Hmmmm, I'm thinking DC and Librarian for turbo boosting assault/tac squads backed up with 3 Preds for AT duty and maybe a speeder/biker squadron for rapid response army of doom, there Is hope brothers!


----------



## blkdymnd (Jan 1, 2007)

This was from Warseer, which was from B&C and Dakka... and now is from Heresy Online 

From B&C, From Dakka:

"The local GW has a copy of the rules and has been showing them off. Most of the rumours are true, with a few minor differences. One thing that stood out in particular was how over the top Mephiston was - WS - 6, S - 5, T - 5,I - 6, Feel no Pain, and can cast all 3 Powers and use his Force Weapon in one turn (Jump, +D3 Attacks, Force Weapon...)

When I got my grubby hands on the list, I tried finding a way to max out Death Company as cheaply as possible (while building a decent all rounded list,), but it's pretty hard without paying the "full" cost. For example, a Tactical squad costs 115pts for the Veteran Sergeant and 4 Marines, and the extra 25pts nets you one Death Company (getting the extra Combat squad still only costs 90pts.) Whereas Assault Marines costs 140pts for the Veteran Sergeant and 4 Marines, and the extra 15 pts nets you one Death Company. You can add Death Company without buying squads, but then they cost 30pts a model. Interestingly, Blood Angel Terminators have the same stats and options as Deathwing (without mixing weapons, Fearless, and Deathwing assault,) costs 200pts, and still net you a Death Company as well (so arguably, the Death Company is FREE.)

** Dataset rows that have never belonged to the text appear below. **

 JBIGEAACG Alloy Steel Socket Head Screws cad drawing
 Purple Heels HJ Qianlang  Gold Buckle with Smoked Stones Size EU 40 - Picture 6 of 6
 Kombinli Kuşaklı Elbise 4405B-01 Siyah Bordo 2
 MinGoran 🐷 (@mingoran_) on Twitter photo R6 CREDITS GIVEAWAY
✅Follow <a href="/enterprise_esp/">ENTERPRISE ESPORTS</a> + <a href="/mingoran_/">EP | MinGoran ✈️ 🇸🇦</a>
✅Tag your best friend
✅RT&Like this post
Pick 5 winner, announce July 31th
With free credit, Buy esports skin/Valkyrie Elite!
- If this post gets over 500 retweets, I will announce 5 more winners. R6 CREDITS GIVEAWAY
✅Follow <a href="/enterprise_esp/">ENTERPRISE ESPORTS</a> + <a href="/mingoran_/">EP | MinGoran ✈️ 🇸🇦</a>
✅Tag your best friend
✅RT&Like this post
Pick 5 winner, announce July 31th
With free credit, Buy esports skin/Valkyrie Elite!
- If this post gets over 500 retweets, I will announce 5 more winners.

Overall, I am pretty happy with the list, and as gross as Death Company are (they get Furious Charge built in, BTW,) it's pretty tough to max them out and have enough points for lots of shooty guns and/or support assault units. "


According to this poster:
1) Combat Squads 100%
2) BA Libby only has 2 powers
3) New system for generating DC
4) Assault squads are a good way to generate DC
5) Termies only get 1 heavy weapon (AC cost 30 points), fearless, and generate you a no/low cost DC
6) No more "free" furious charge
7) Mephiston kicks arse!


Since GW hasn't published this information yet, I hope that posting point costs doesn't violate any of the B&C rules. This is just a rumor after all.

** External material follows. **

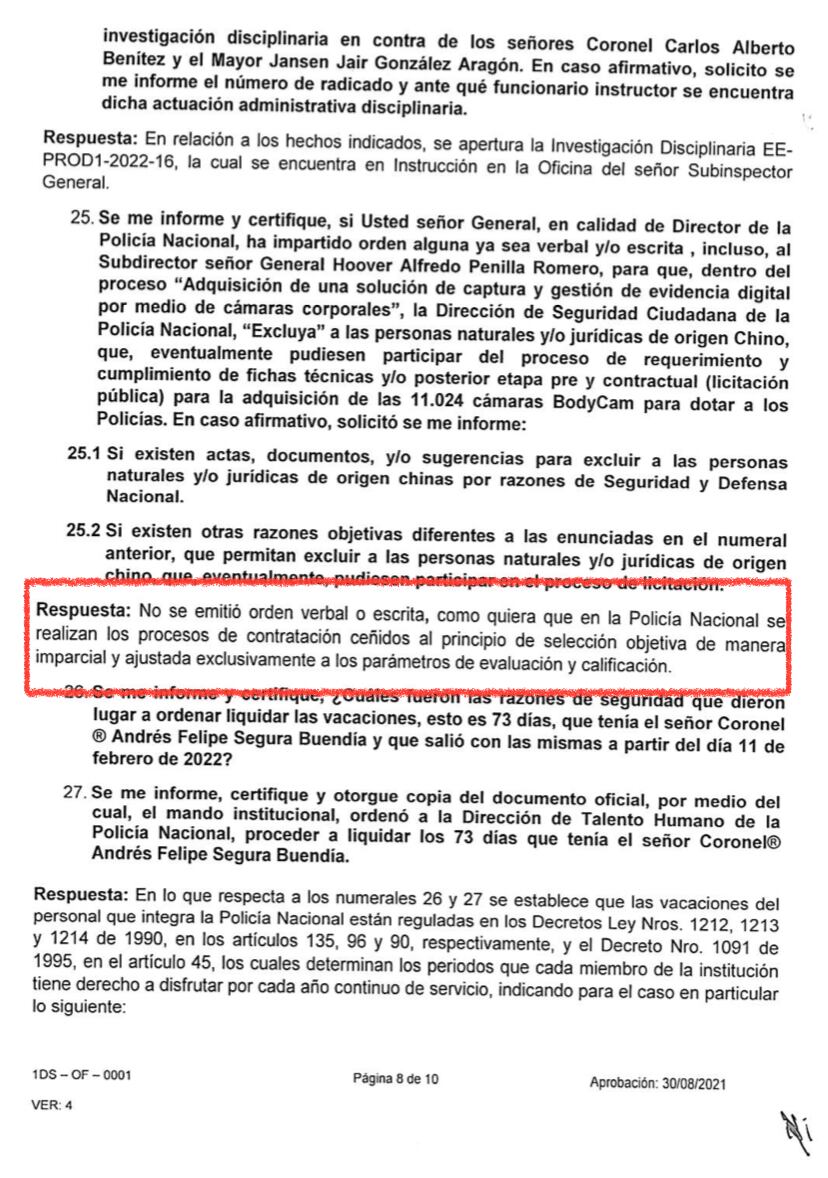 SEMANA conoció nuevas pruebas que demostrarían la presunta injerencia de altos mandos de la Policía en un multimillonario proyecto para dotar de bodycams a los uniformados de la institución.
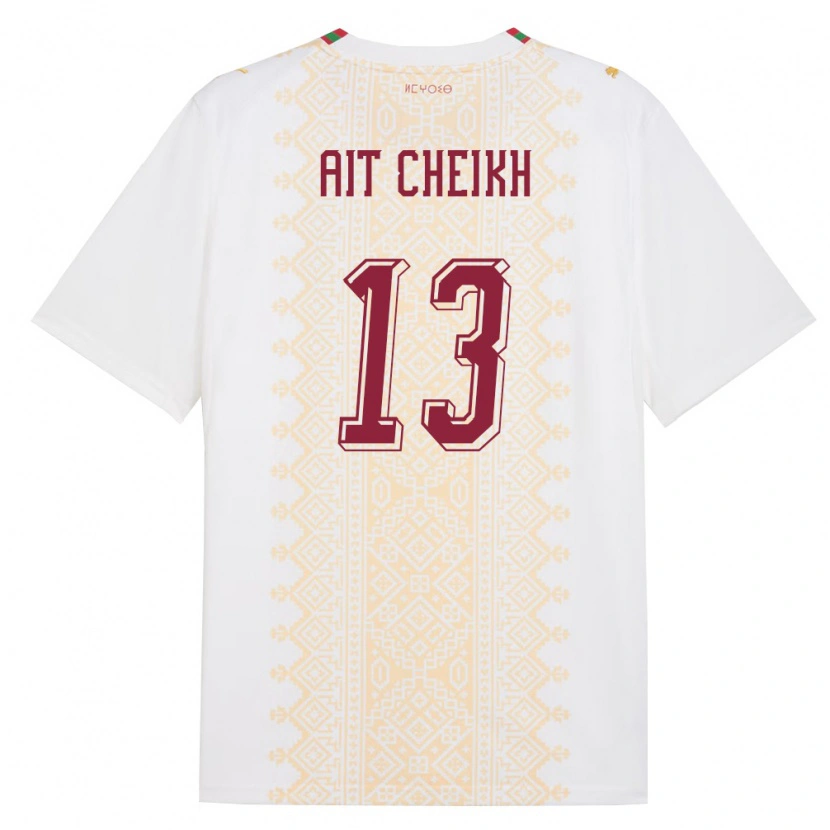 Danxen Barn Marocko Driss Ait Cheikh #13 Vit Guld Röd Bortatröja Matchtröjor 26-28 Tröjor T-Tröja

Some of this sounds a bit suspect?


----------



## the cabbage (Dec 29, 2006)

It all sounds good to me :lol:


----------



## Fallen Angel (Dec 22, 2006)

Well if those BA rumours are true, my BA are staying in the box. They look even more over the top to be honest. Sigh, oh well, i look forward to June's White Dwarf with trepedation.


----------



## Greyskullscrusade (Jan 24, 2007)

This sounds like its going to be set up like the DA codex, thats a bummer.


----------



## LongBeard (Dec 22, 2006)

> "The local GW has a copy of the rules and has been showing them off. Most of the rumours are true, with a few minor differences. One thing that stood out in particular was how over the top Mephiston was - WS - 6, S - 5, T - 5,I - 6, Feel no Pain, and can cast all 3 Powers and use his Force Weapon in one turn (Jump, +D3 Attacks, Force Weapon...)

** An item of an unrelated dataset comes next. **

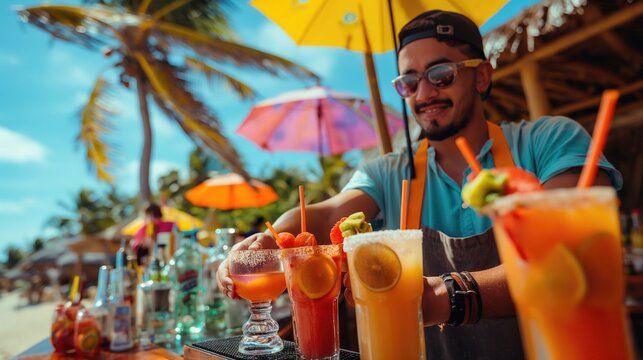 Beach bartender in tropical beach bar serving colorful chilling cocktail drinks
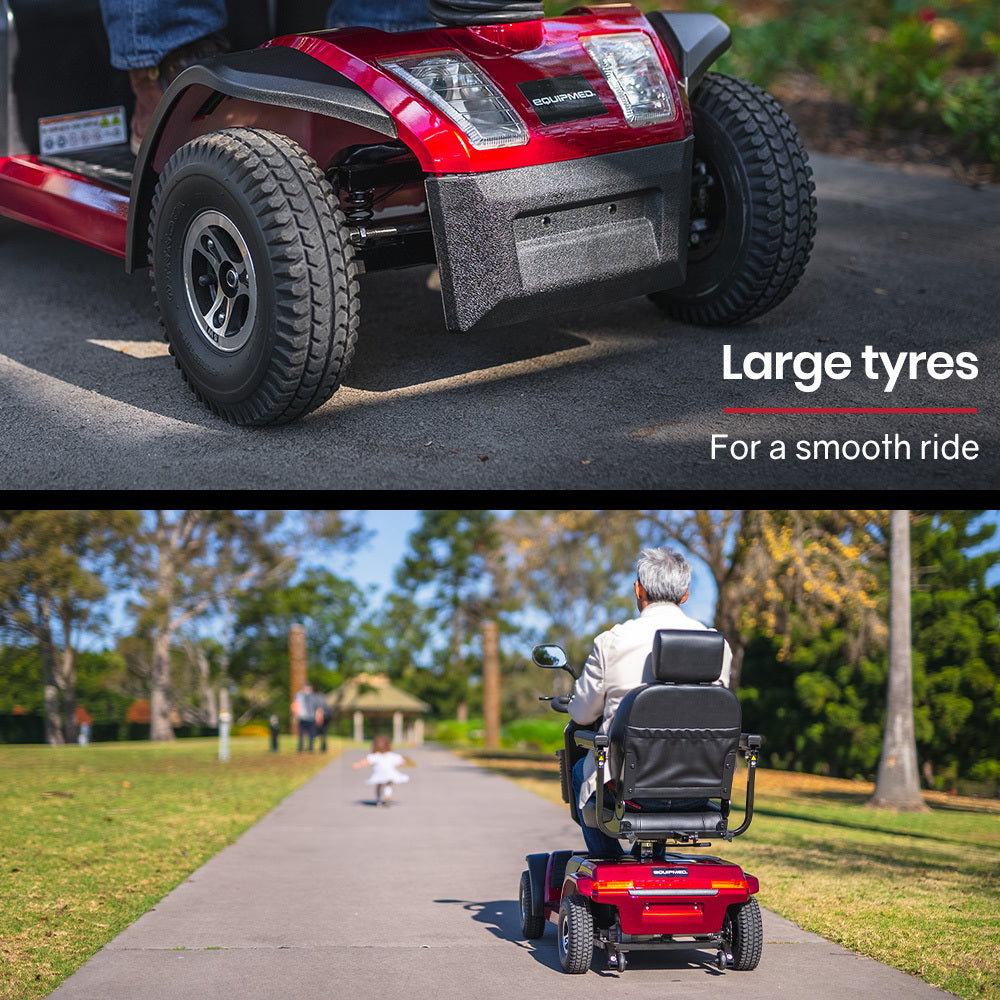 VentureCruise Mobility Scooter, S-XXL comfortable size for all riders, 30km Max Range, 180kg capacity, Red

Apperently he hasn't got an INV save so It could be a bit risky charging him forward on his own, also with all the Libbies and Farseers about he could struggle against a lot of lists.
By the way It's now official WD330 will be Codex BA! 8)


----------



## blkdymnd (Jan 1, 2007)

and now what could be the final look at the BA's, I disagreed with him that this would be the "actual codex" as the new GT rules have stated that anything that is not available to everyone would not be used in a Grand Tournament, so this would eventually have to make a codex of its own, for the new gamers that will come into the game after this White Dwarf article has passed us by:

"Im not gonna post the picture here so click on the link to see the cover.. You'll notice it's not taken on a camera phone or anything, I actually have the whole 2 part codex

I dont think BA are gonna get another codex based on the wording there if you can read it.. As it says this is the official codex, not update

Wargear changes
Exsanguinator - Description replaced with current narthecium rules. Nothing additional

Terminator armor - Same except no longer gives +1A (Same as new DA and there are no terminator honors, which means characters are at -1A)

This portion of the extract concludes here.